In Ventura County, we are what is called a recommending county–in that in child custody and visitation matters, the court appointed mediators make a recommendation, which generally gets “published” in the court file and is considered by the Judge.  Many other counties maintain mediation confidentiality, making mediation less important in the family law context.  Many times these mediators have collateral contact with persons such as a child’s therapist or the supervised visitation monitor.

This new decision in People v. Sanchez  (2016) 63 Cal.App.4th 665, holds that an expert cannot testify about specific details of hearsay evidence on which the expert relied in forming an opinion without that evidence being independently admissible.  So, let’s parse this out.  As an expert, the expert may still rely on hearsay.  The expert may still state their opinion to the court based on hearsay.  However, the expert is not allowed to re-state the specific details of hearsay to the court.  The general concept of the hearsay rule is to prevent unreliable evidence from impacting the outcome of court proceedings.  The trouble is that the hearsay rule has been so sliced-and-diced that to some extent the rule (under Sanchez) has lost its way and no longer seems to fit the intent of public policy.  Under the new rule, experts, including mediators can still rely on hearsay, they just can’t testify as to those case-specific details in a court hearing.  That means that the court will have the expert opinion, but won’t even be able to figure out how exactly that opinion was reached unless these hearsay “contacts” are also brought into court for direct examination.  That has the unintended consequence of also making it harder to impeach an expert’s opinion unless you know who there collateral contacts were and you have them under subpoena to appear.

This also has ramifications in the family law arena in the context of vocational examinations.  A vocational examiner is an expert.  They can still rely on hearsay (i.e. contacting specific employers regarding job openings and salaries), however they cannot testify as to case-specific details of hearsay evidence.  That means that if a vocational examiner contacts a party’s doctor, psychologist, therapist, or previous employers–none of that evidence gets heard by the judge without those persons being under subpoena and testifying as well.  So, testimony from vocational examiners will either be more narrowed to their opinion, the basis, and the specific data from databases (i.e.
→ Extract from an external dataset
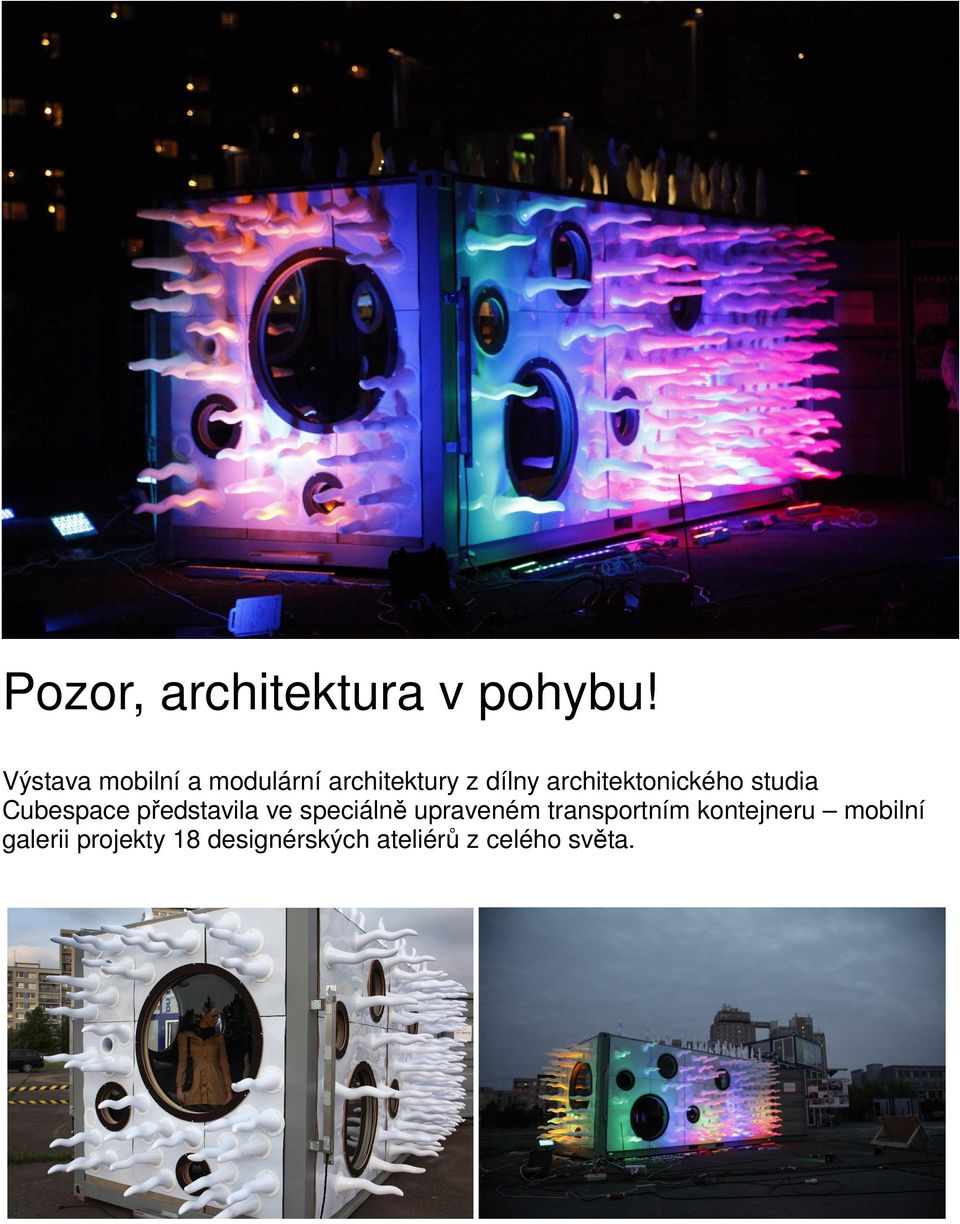 architektonického studia Cubespace představila ve speciálně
Bureau of Labor Statistics); however, case-specific hearsay contacts will frequently be excluded without such contacts also testifying.

So, Sanchez narrows the testimony of experts, but I would argue that it has unintended consequences.  In many cases, it will increase trial times, the number of witnesses, and the cost of litigation.  In other cases, (assuming the objection is raised) it will allow the opinion to come in, but will prevent the court from having a full understanding of how that opinion was formed.

When making an objection under Sanchez, one needs to be careful.  If one objects under Sanchez, excluding that line of evidence, then wants to impeach the experts testimony by bringing in contrary evidence, such impeachment will not be successful.  That is to say, you need the expert to testify about these case-specific details before you can impeach their opinion by providing evidence contrary to the case specific details.

On an additional note, this decision (Sanchez) flows from a criminal case wherein the defendant was charged with multiple crimes, including firearm and drug possession.  The expert at time of trial was a gang expert who testified as to the specific details of the defendant’s participation in a particular gang.  That testimony relied on “case-specific” out-of-court statements made by third parties, which were hearsay.  Sometimes new case law can have unintended consequences and affect wide areas of legal practice other than the practice area in the underlying decision.